What should be paid attention to during siRNA transfection experiment?

In the process of transfection experiment, we should pay attention to the following points: a. purification of siRNA: confirm the size and purity of SiRNA before transfection. In order to obtain high-purity siRNA, it is suggested that the excess nucleotides, oligonucleotides, protein and salt ions in the reaction should be eluted or removed by 15%20% acrylamide gel.

Note that chemically synthesized RNA usually needs to be purified by running gel electrophoresis (that is, PAGE gel purification)

B. avoid RNase pollution: a small amount of RNase will lead to the failure of siRNA experiment. Because RNase is ubiquitous in the experimental environment, such as skin, hair, everything touched by hands or exposed to the air, it is very important to ensure that every step of the experiment is not polluted by RNase.

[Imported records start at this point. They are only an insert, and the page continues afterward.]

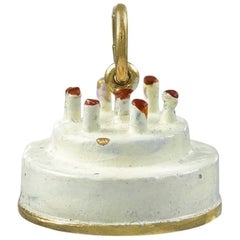 Breloque gâteau de anniversaire en or et émail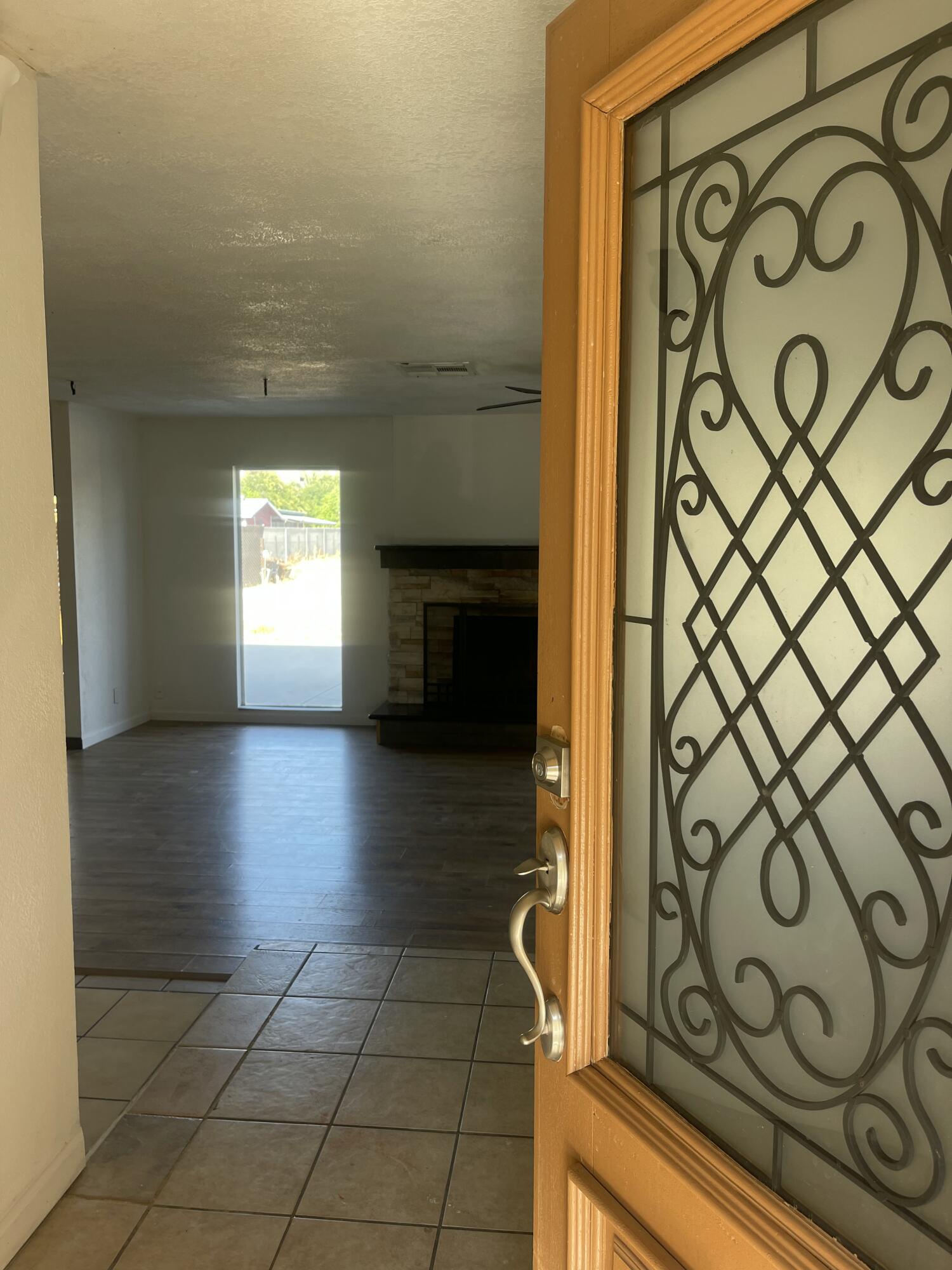 1906 N Beverly St, Porterville, CA 93257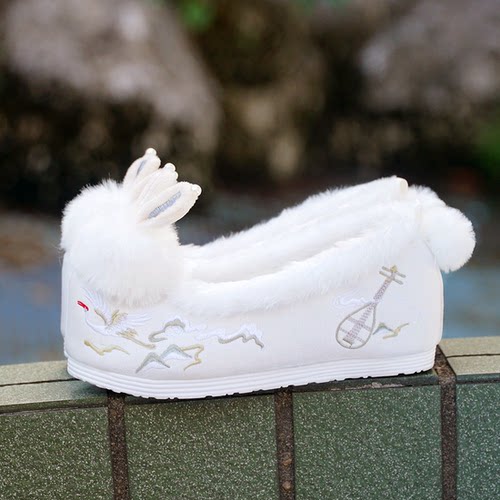 冬季搭配古风汉服棉鞋子女绣花内增高明制古装加绒加厚棉靴中国风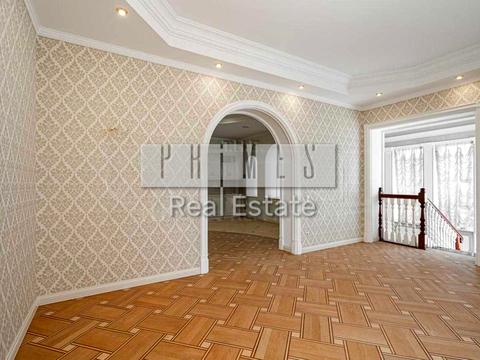 будинок за адресою Центральна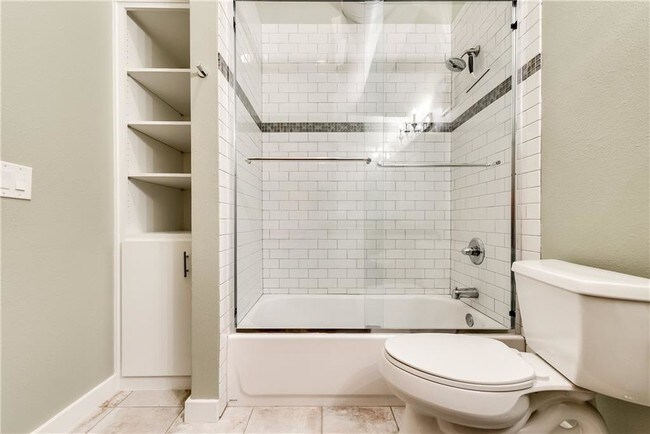 Building Photo - 2220 Canton St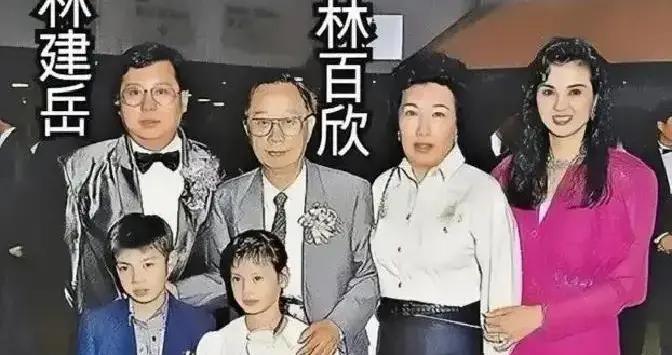 宁弃数百亿家产，携女远赴美国避祸，如今才知她竟然极其清醒啊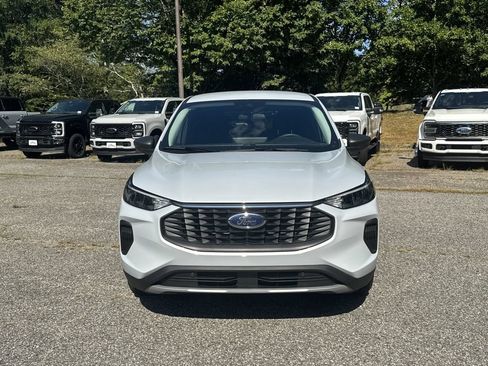 Used 2025 Ford Escape Active w/ Tech Pack #1 FWD image 2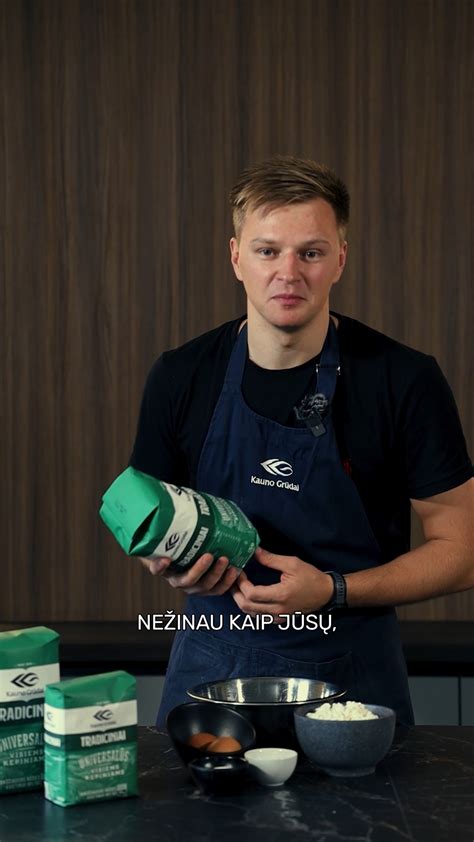 Moliūginiai biscotti ingredientai ant stalo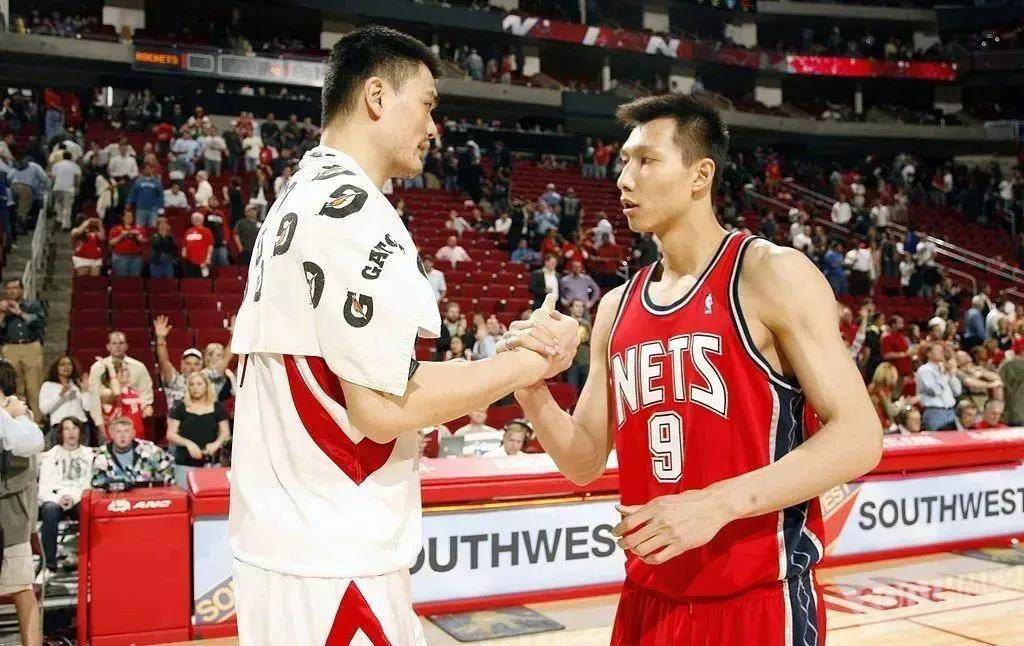29+16+7！杨瀚森比肩约基奇，首秀目标大两双，热度已超美国之子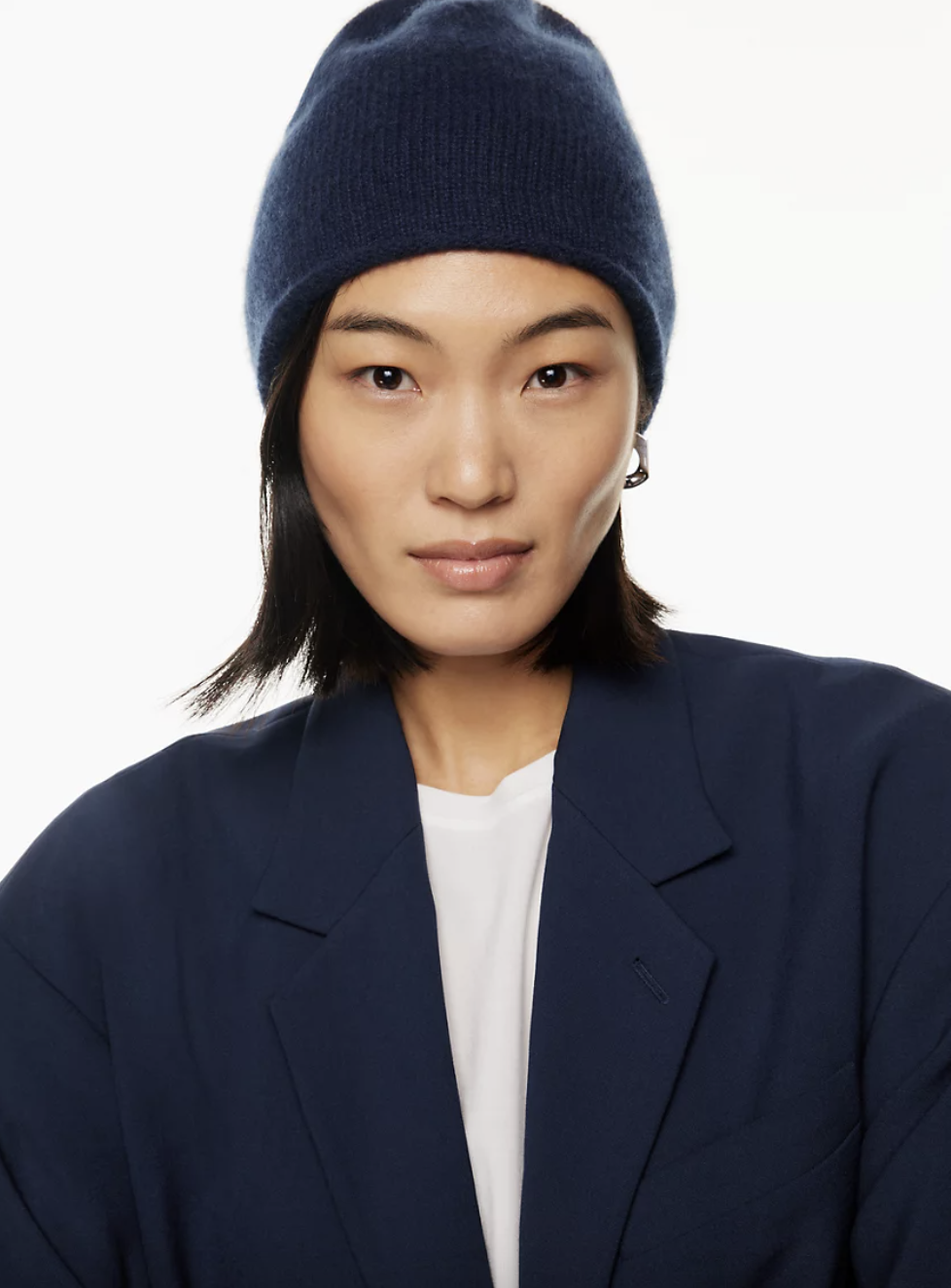 <p><a href="https://go.redirectingat.com?id=74968X1596630&url=https%3A%2F%2Fwww.aritzia.com%2Fus%2Fen%2Fproduct%2Fluxe-cashmere-kisho-beanie%2F104990.html&sref=https%3A%2F%2Fwww.townandcountrymag.com%2Fsociety%2Ftradition%2Fg46663032%2Fmeghan-markle-style-canada-invictus-2024-photos%2F" rel="nofollow noopener" target="_blank" data-ylk="slk:Shop Now;elm:context_link;itc:0;sec:content-canvas" class="link rapid-noclick-resp">Shop Now</a></p><p>Luxe Cashmere Kisho Beanie</p><p>aritzia.com</p><p>$55.00</p>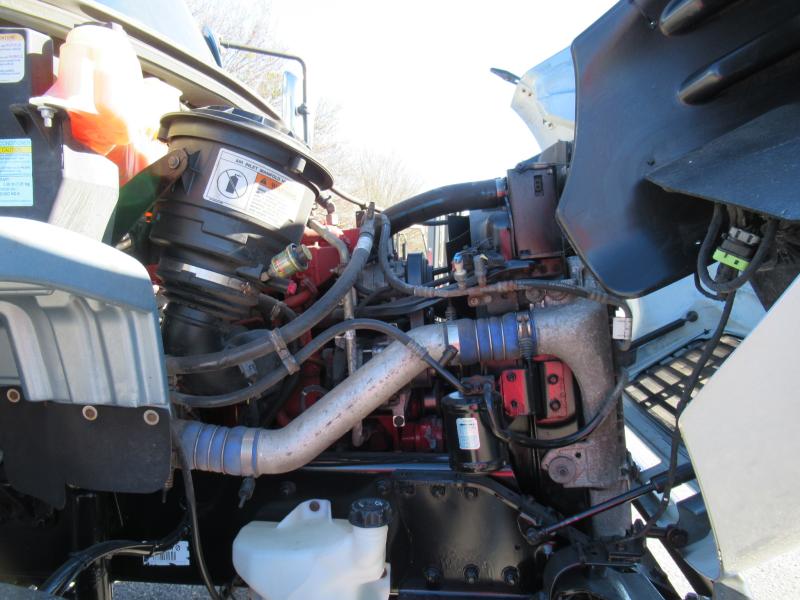 2016 Freightliner BUSINESS CLASS M2 106 20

C. Healthy cell culture and strict operation ensure the repeatability of transfection: generally, the transfection efficiency of healthy cells is high, and the lower passage times can ensure the stability of cells used in each experiment. In order to optimize the experiment, it is suggested to transfect cells below 50 generations, otherwise the transfection efficiency will decrease obviously with time.

D. Avoid using antibiotics: Ambion recommends avoiding using antibiotics from cell implantation to 72 hours after transfection. Antibiotics can accumulate toxins in infiltrated cells. When siRNA is transfected, some cells and transfection reagents need serum-free conditions. In this case, both normal medium and serum-free medium can be used for comparative experiments to obtain the best transfection effect.

E. Selection of appropriate transfection reagent: According to the different preparation methods of siRNA and target cell types, it is very important to select a good transfection reagent and optimize the operation for the success of siRNA experiment.

F. Optimize transfection and detection conditions through appropriate positive control: housekeeping gene is a good positive control for most cells. Different concentrations of positive control siRNA were transferred to target cells (also suitable for experimental target siRNA), and after 48 hours of transfection, the reduction level of control protein or mRNA relative to untransfected cells was calculated. Excessive siRNA can lead to cytotoxicity and even death.

G. optimizing the experiment by labeling siRNA: fluorescently labeled siRNA can be used to analyze the stability and transfection efficiency of siRNA. Labeled siRNA can also be used as intracellular localization of siRNA and double labeling experiment (using labeled antibody) to track the cells introduced with siRNA during transfection, so as to combine transfection with down-regulation of target protein expression.